Néanmoins le fait de posséder une voiture propre ou récente ne suffit pas à circuler sans difficulté dans la capitale de Haute-Garonne. Plusieurs automobilistes interrogés ont déclaré ne pas être impactés par la mise en place de la ZFE, non pas parce que leur véhicule est compatible en termes de vignette Crit’Air mais simplement parce qu’ils ont renoncé à circuler en voiture à Toulouse. « Pour aller travailler en centre-ville, je laisse ma voiture au parking, je prends le métro et je la récupère le soir. Ça me permet de ne pas payer de parking supplémentaire à Toulouse, c'est inclus dans l'abonnement Tisséo », s’est réjouie une jeune femme, trouvant son nouveau mode de déplacement quotidien « bien plus simple ». « Je prends pas mal le bus. Je gare ma voiture en périphérie parce que je n’ai pas envie de payer le parking de la ville. Pour aller au travail à Narbonne, je prends la voiture », a ajouté une autre habitante de la Métropole.

Centraux dans le dispositif de multimodalité, les parkings-relais semblent jouer leur rôle. Même si une marge de progression existe, comme l’a concédé Jean-Michel Lattes : « On a des parkings relais récents mais il manque, sur une partie du territoire, une capacité de stationnement qui pourrait faciliter l'usage des transports en commun. (…) On a prévu toute une série de constructions et on travaille beaucoup sur les corridors (pour permettre à tous les véhicules d’accéder aux parking-relais, NDLR) ». A noter que ces parkings sont entièrement gratuits, dès lors qu’on utilise le réseau de transports Tisséo, et ouverts 24 heures sur 24.

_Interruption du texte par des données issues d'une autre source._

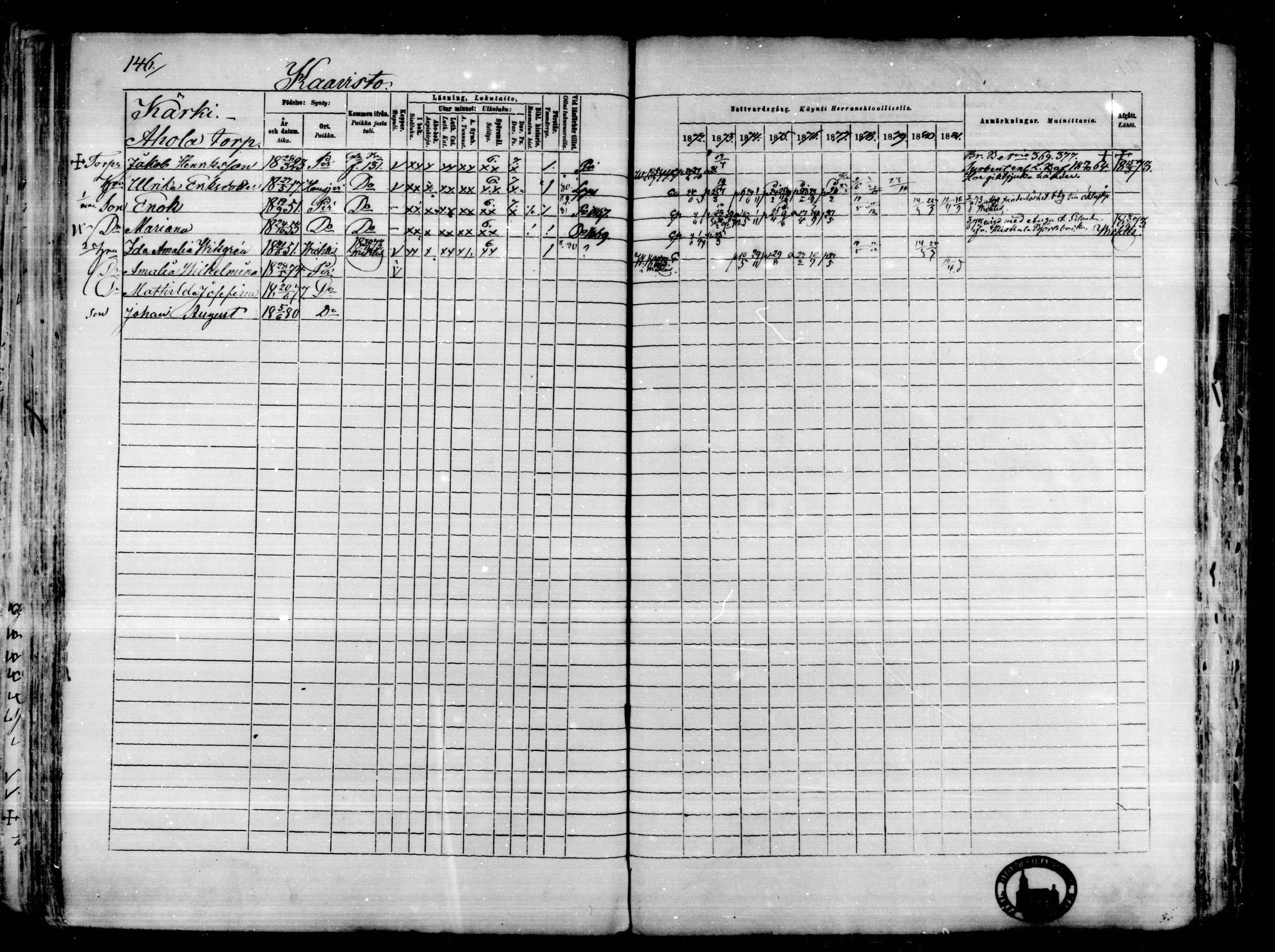 [ ../kirjat/Kirkonkirjat/karkkila/rippikirja_1872-1881_mko105-118/kuvat/128.jpg ]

Les transports en commun : ça roule pas mal à Toulouse

Même si côté transports en commun, il reste « beaucoup à faire », dixit une habitante de la métropole interrogée en micro-trottoir, ceux-ci sont plutôt plébiscités par les automobilistes : « On a ce qu'il faut en termes de réseau bus, tram, TAD (transport à la demande, NDLR) autour de Toulouse. C’est parfois plus long que la voiture mais si tu ne veux pas galérer pour le stationnement (…) ou si tu ne veux pas prendre la voiture pour un souci économique ou écologique, il y a des possibilités », a déclaré un passant, nuançant qu’il ne viendrait pas travailler dans le centre de Toulouse en voiture s’il ne bénéficiait pas d’une place de stationnement.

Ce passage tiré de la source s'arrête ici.